# Step 7 V5.4 SP4 unter Windows 7 zum laufen bringen.



## Carsten75 (21 November 2011)

Hallo zusammen,
kann mir jemand erklären wie ich Step 7 unter Windows 7 zum laufen bekomme? Ich habe alternativ noch Windows XP Professional. Ich hab versucht das auf ner 2. Festplatte zu installieren. Tja, danach ist mein PC nicht mehr hoch gefahren. (Fehler beim laden des Betriebssystems)
Hoffe mir kann hier jemand helfen.


----------



## M-Ott (21 November 2011)

Carsten75 schrieb:


> ... kann mir jemand erklären wie ich Step 7 unter Windows 7 zum laufen bekomme?

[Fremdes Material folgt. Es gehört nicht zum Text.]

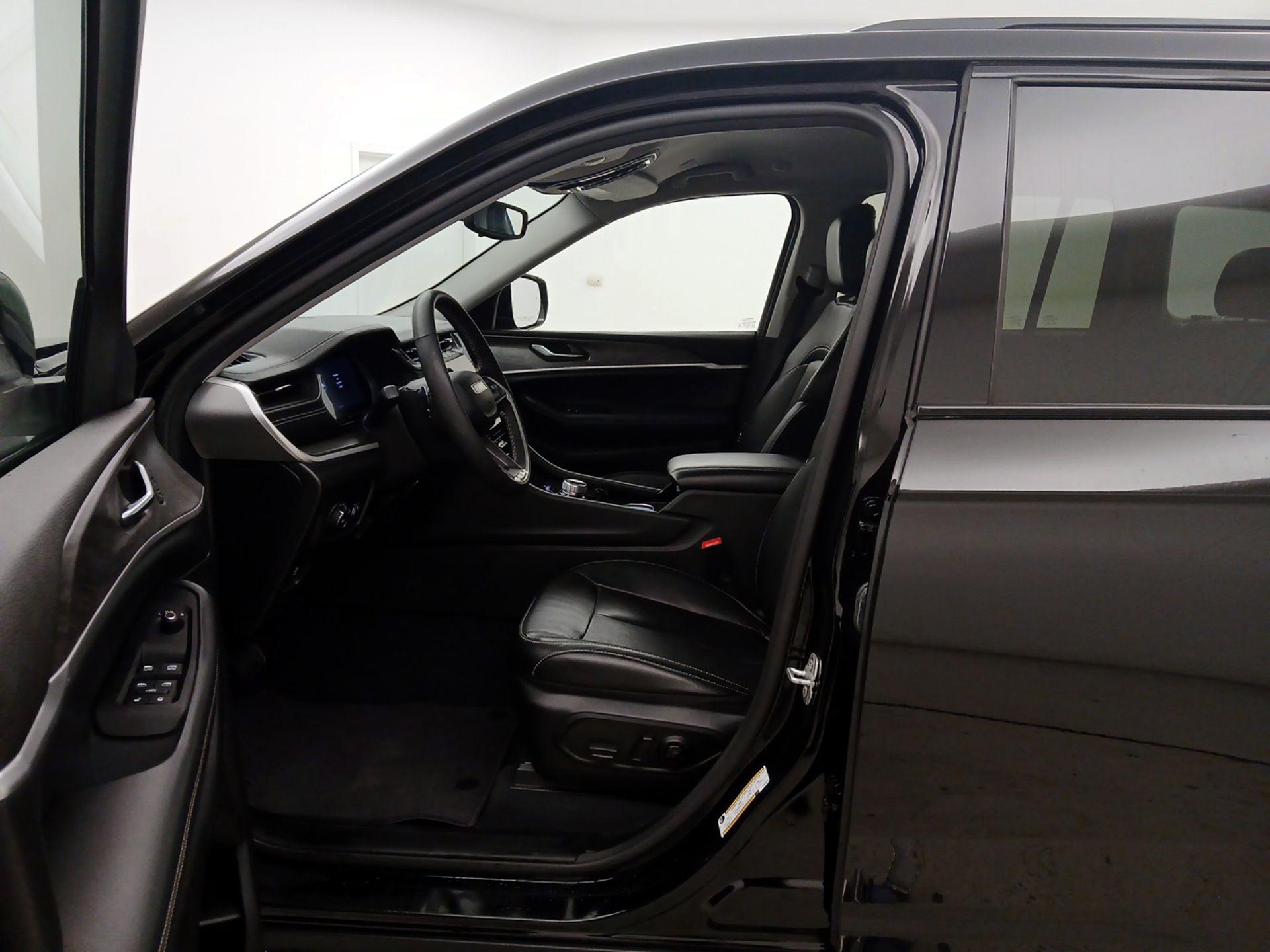 Thumbnail: 2023 Jeep Grand Cherokee - 11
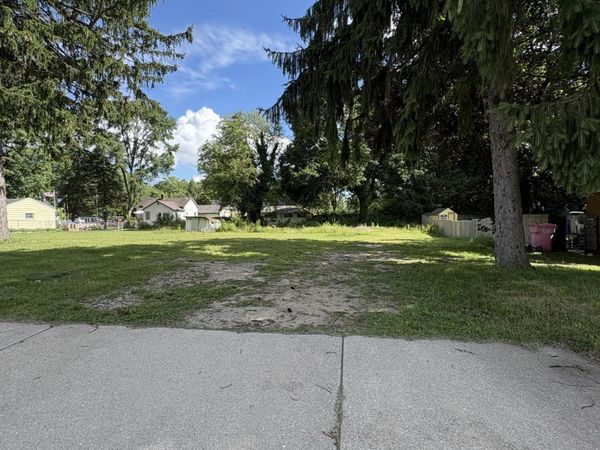 276 E Center Street, Coloma, MI 49038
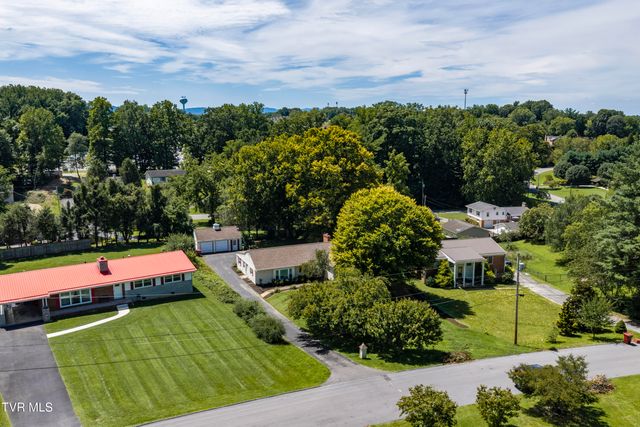 207 Dogwood Lane, Johnson City, TN 37604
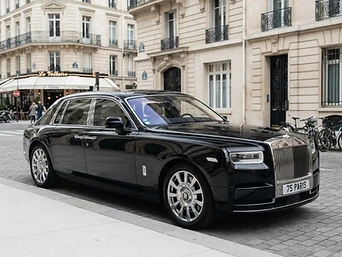 Rolls-Royce — Executive Sedan luxury chauffeur vehicle in Paris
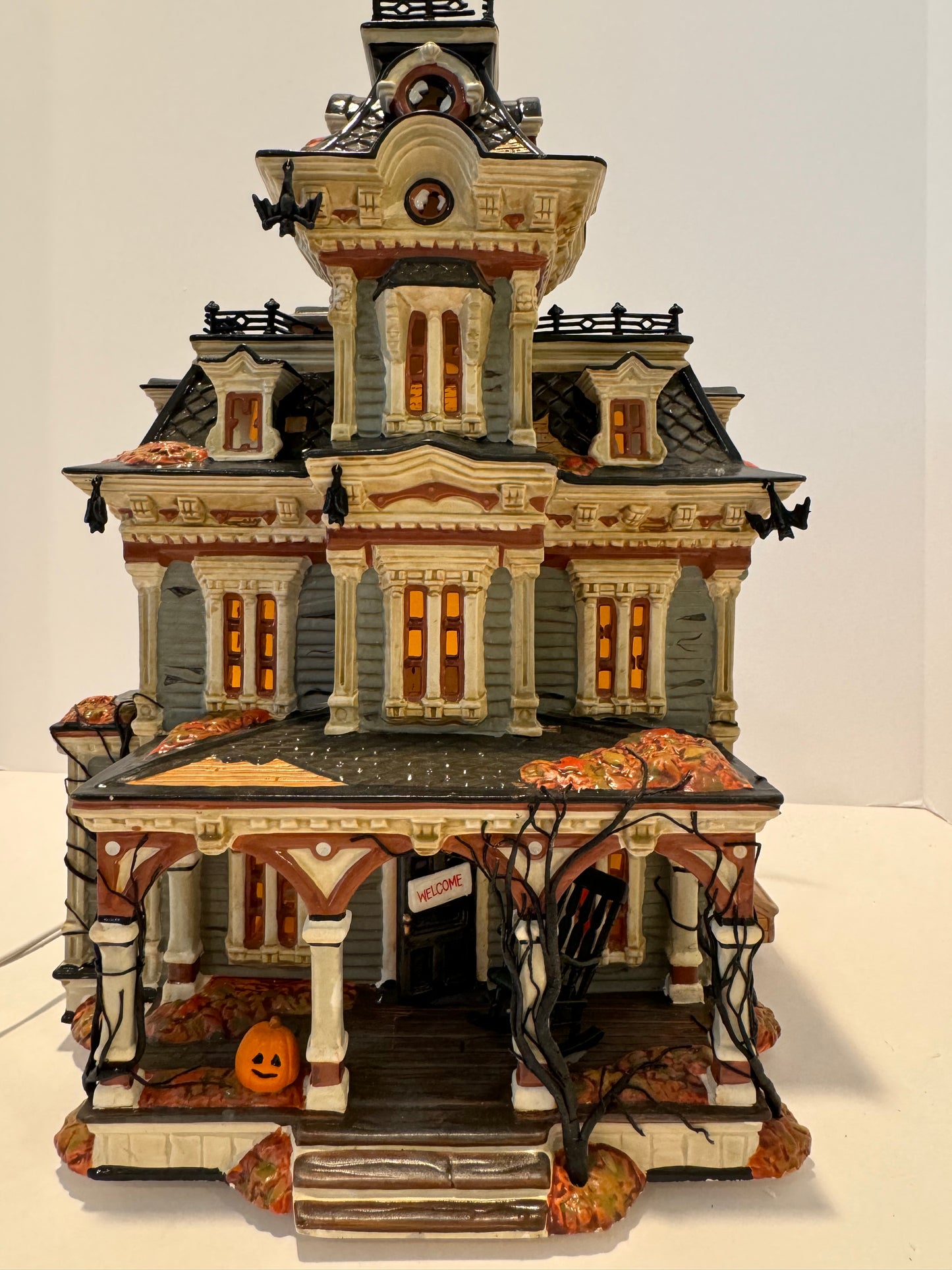 Dept 56 Grimsly Manor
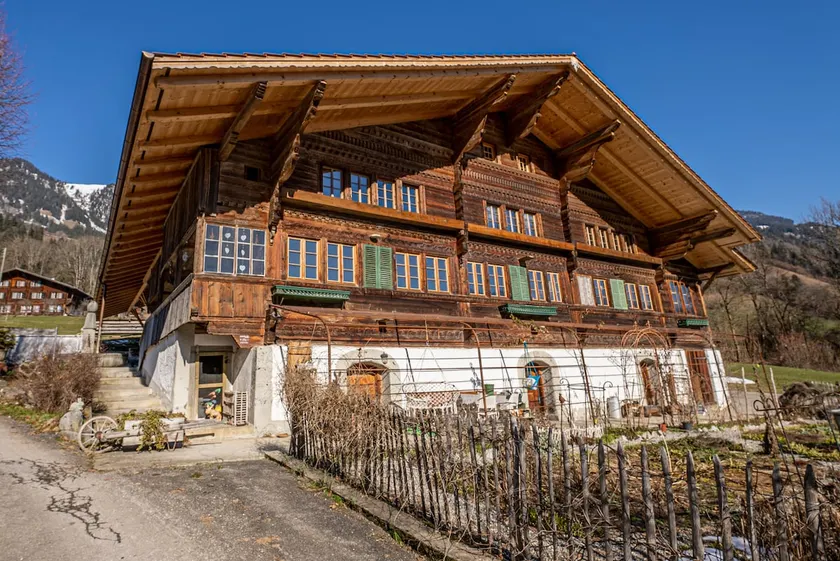 Renovated apartment in historic farmhouse - Image 1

Ger nicht. Du brauchst mindestens STEP7 V5.5 (ich glaube mit SP1), darunter is' nich' mit WIN7.


Carsten75 schrieb:


> Ich habe alternativ noch Windows XP Professional. Ich hab versucht das auf ner 2. Festplatte zu installieren. Tja, danach ist mein PC nicht mehr hoch gefahren. (Fehler beim laden des Betriebssystems)
> Hoffe mir kann hier jemand helfen.


Da kann ich Dir leider nicht helfen.


----------



## o.s.t. (21 November 2011)

@M-Ott:
SP1 brauchste nur bei 64Bit von W7, für W7 32Bit genügt die V5.5 ohne SP1

@Carsten75
Du könntest auf W7 eine virtuelle XP-Maschine laufen lassen (XP-Mode, VMWare Player oder Virtualbox) und dort drin dein Step 7 installieren


...Dass bei den Home Versionen von Windows Step 7 nicht installiert werden kann, sei hier nur beiläufig erwähnt...

o.s.t.


----------



## Carsten75 (21 November 2011)

Kannst DU mir das mit der virtuellen XP- Maschine näher erklären?
Danke schon mal!


----------



## mst (21 November 2011)

http://windows.microsoft.com/de-AT/windows7/products/features/windows-xp-mode

Ab WIN7 Professional


----------



## Aventinus (21 November 2011)

Eine VM gauklet die dir einen virtuellen Rechner vor. Auf dem kannst du dann im Prinzip wie gewohnt ein Betriebssystem installieren und was du an Software so brauchst. Der Zugriff auf die große weite Welt von deiner virtuellen Maschine aus handelt die Software (wie oben erwähnt, XP-Mode, VMWare Player oder Virtualbox und was es da sonst noch so gibt). Praktisch werden deine USB-Ports von deinem Host in die VM durchgereicht, genauso das Netzwerk uns eben alles was so dazugehört. 
Mal ganz grob erklärt ;-)


----------



## Carsten75 (21 November 2011)

Hmmm, da komm ich mit meinem WIN7 Home nicht weit. Gibt es noch ne Möglichkeit?


----------



## o.s.t. (21 November 2011)

Carsten75 schrieb:


> Hmmm, da komm ich mit meinem *WIN7 Home* nicht weit..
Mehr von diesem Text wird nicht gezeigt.